To contextualize this mass: the Vela Supercluster is more than three times as massive as Laniakea, the supercluster that contains the Milky Way, the Virgo Cluster, and some 100,000 other galaxies . Its gravitational influence exceeds that of the Great Attractor region by a factor of roughly seven . Among nearby large-scale structures, only the Shapley Concentration — estimated at around 50 × 10¹⁶ solar masses — clearly surpasses it .
However, when measured by spatial extent rather than mass, the Vela Supercluster is far smaller than the largest claimed structures in the universe.

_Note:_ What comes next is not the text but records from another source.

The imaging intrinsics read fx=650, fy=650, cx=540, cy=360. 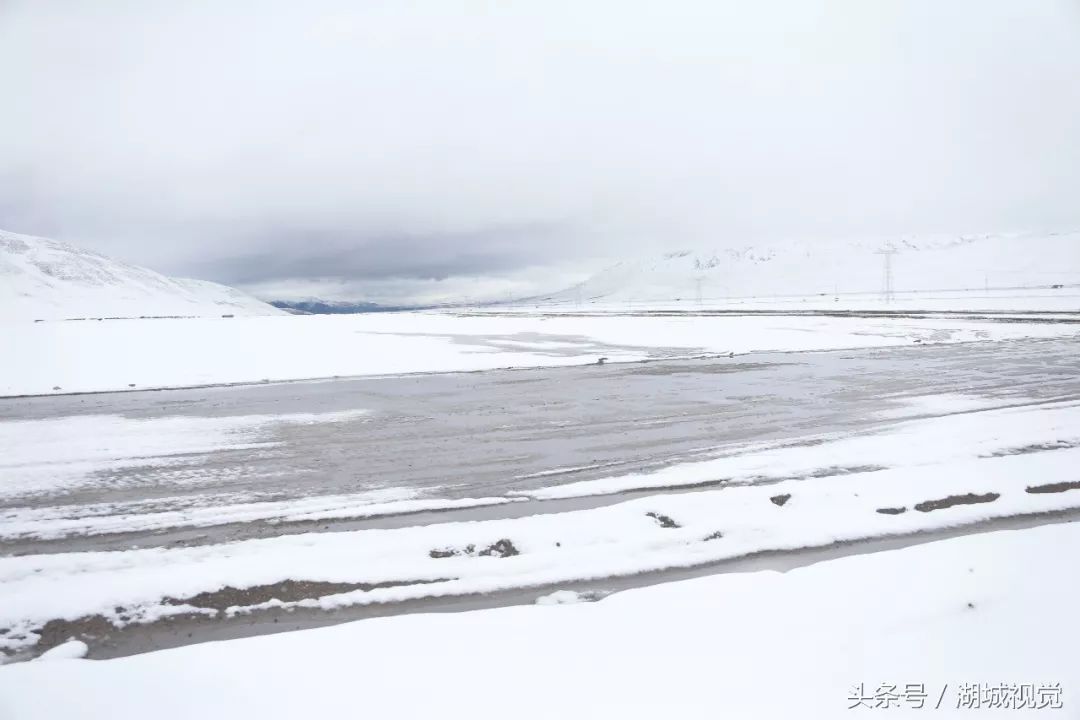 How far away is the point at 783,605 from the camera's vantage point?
4.95m

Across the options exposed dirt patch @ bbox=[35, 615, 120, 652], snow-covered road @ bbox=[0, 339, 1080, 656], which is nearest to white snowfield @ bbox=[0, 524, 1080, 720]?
exposed dirt patch @ bbox=[35, 615, 120, 652]

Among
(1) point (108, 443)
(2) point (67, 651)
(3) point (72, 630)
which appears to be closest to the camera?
(2) point (67, 651)

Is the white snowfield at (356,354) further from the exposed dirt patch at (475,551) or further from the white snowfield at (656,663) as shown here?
the white snowfield at (656,663)

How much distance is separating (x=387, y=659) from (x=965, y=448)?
29.0 ft

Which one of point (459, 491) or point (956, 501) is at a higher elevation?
point (459, 491)

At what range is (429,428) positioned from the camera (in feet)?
40.9

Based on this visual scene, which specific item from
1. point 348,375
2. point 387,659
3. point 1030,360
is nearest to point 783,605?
point 387,659

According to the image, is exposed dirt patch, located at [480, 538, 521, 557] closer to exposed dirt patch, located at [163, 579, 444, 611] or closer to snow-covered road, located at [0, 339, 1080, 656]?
snow-covered road, located at [0, 339, 1080, 656]

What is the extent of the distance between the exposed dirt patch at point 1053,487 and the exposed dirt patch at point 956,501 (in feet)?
1.73

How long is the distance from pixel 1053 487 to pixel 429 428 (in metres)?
9.47

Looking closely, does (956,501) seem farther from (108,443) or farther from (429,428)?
(108,443)

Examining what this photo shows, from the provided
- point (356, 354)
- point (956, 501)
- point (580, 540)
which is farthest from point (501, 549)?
point (356, 354)

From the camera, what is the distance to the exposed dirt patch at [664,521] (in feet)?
22.3

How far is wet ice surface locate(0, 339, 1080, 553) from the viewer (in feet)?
27.7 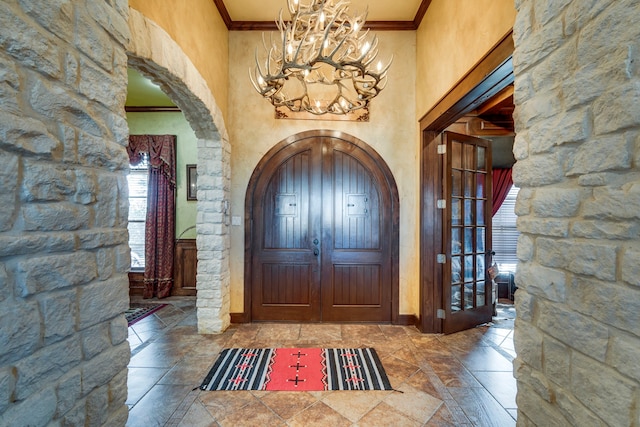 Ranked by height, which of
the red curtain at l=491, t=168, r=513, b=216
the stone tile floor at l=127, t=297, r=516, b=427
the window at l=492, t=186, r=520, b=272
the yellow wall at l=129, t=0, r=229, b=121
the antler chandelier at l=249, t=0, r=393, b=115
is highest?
the yellow wall at l=129, t=0, r=229, b=121

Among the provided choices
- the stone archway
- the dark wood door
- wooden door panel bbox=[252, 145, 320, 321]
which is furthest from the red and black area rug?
the dark wood door

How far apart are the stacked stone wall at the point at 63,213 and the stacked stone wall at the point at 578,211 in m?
1.80

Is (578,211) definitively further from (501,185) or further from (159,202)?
(159,202)

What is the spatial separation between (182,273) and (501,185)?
224 inches

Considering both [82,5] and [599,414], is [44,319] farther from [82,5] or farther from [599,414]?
[599,414]

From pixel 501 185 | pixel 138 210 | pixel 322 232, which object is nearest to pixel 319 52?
pixel 322 232

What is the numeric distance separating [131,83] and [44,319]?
4.22 meters

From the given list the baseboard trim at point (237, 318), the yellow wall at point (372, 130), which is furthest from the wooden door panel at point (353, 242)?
the baseboard trim at point (237, 318)

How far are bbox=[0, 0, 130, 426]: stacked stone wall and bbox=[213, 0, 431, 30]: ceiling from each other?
2298 millimetres

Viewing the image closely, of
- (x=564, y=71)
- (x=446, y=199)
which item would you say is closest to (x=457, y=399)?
(x=446, y=199)

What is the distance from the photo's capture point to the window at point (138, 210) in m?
4.84

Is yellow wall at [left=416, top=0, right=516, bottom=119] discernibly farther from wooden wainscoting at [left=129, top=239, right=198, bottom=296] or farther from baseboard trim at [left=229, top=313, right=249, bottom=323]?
wooden wainscoting at [left=129, top=239, right=198, bottom=296]

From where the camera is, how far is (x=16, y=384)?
0.83m

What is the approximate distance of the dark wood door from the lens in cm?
316
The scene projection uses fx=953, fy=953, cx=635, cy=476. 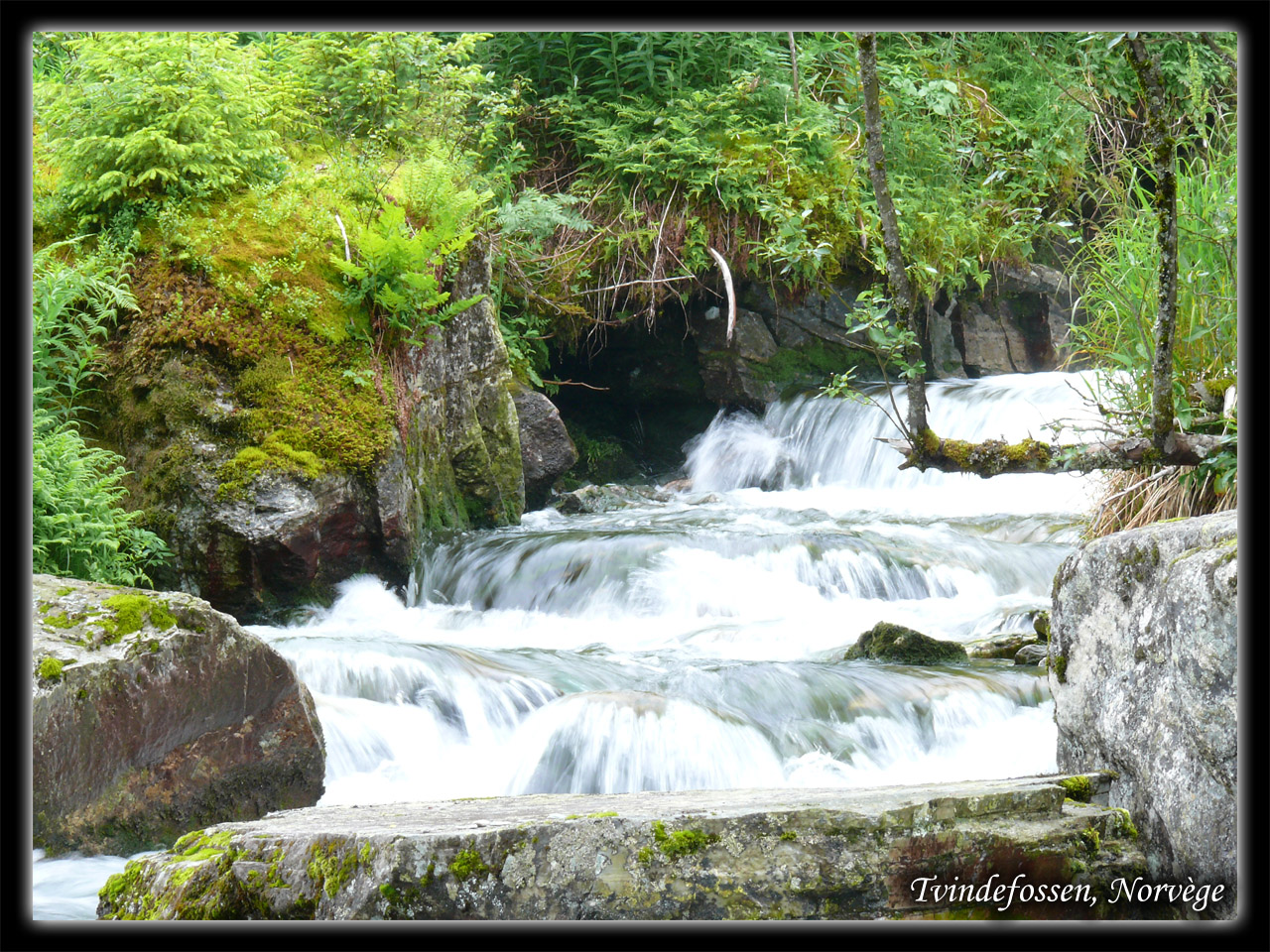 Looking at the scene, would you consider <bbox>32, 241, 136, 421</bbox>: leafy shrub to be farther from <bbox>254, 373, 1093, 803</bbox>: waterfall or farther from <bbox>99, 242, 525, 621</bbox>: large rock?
<bbox>254, 373, 1093, 803</bbox>: waterfall

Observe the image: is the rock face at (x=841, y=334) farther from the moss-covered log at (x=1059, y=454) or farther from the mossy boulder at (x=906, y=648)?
the moss-covered log at (x=1059, y=454)

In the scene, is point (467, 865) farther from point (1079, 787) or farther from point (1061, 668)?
point (1061, 668)

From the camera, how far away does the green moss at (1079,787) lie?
236 cm

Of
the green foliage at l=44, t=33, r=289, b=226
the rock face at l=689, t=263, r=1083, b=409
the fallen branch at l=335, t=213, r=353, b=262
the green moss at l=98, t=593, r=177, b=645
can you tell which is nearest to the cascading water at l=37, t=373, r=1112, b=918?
the rock face at l=689, t=263, r=1083, b=409

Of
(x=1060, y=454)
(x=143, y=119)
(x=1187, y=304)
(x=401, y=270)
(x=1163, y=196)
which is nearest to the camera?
(x=1163, y=196)

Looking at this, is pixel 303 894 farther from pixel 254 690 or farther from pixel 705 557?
pixel 705 557

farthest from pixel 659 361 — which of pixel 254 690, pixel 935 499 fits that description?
pixel 254 690

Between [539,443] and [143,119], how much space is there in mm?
4828

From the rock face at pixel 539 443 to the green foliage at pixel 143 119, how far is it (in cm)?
395

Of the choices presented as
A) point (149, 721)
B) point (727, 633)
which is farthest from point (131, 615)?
point (727, 633)

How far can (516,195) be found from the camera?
35.8 feet

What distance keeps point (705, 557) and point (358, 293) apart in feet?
11.2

The Hercules–Corona Borealis Great Wall, identified in 2013 through gamma-ray burst distributions, spans an estimated 10 billion light-years — more than 30 times wider than Vela . The Huge Large Quasar Group extends roughly 4 billion light-years; the Giant Arc spans 3.3 billion light-years; and the Sloan Great Wall and Quipu superstructure each measure about 1.3 billion light-years . At 300 million light-years, the Vela Supercluster is among the largest superclusters — coherent, relatively nearby mass concentrations — but it does not compete with the more extended, more distant, and more controversial "great walls" and quasar groupings.
The Great Attractor Connection
One of the most consequential implications of the Vela mapping concerns the longstanding "Great Attractor" puzzle. Since the 1970s, astronomers have observed that the Milky Way, along with the entire Local Group and thousands of surrounding galaxies, moves at roughly 600 km/s relative to the cosmic microwave background — the relic radiation from the Big Bang . This motion implies a massive gravitational source pulling galaxies toward the direction of the constellations Centaurus and Vela.
The Norma Cluster and the broader Great Attractor region, located about 150–250 million light-years away, account for some of this pull. But they are not massive enough to explain the full amplitude and direction of the observed bulk flow .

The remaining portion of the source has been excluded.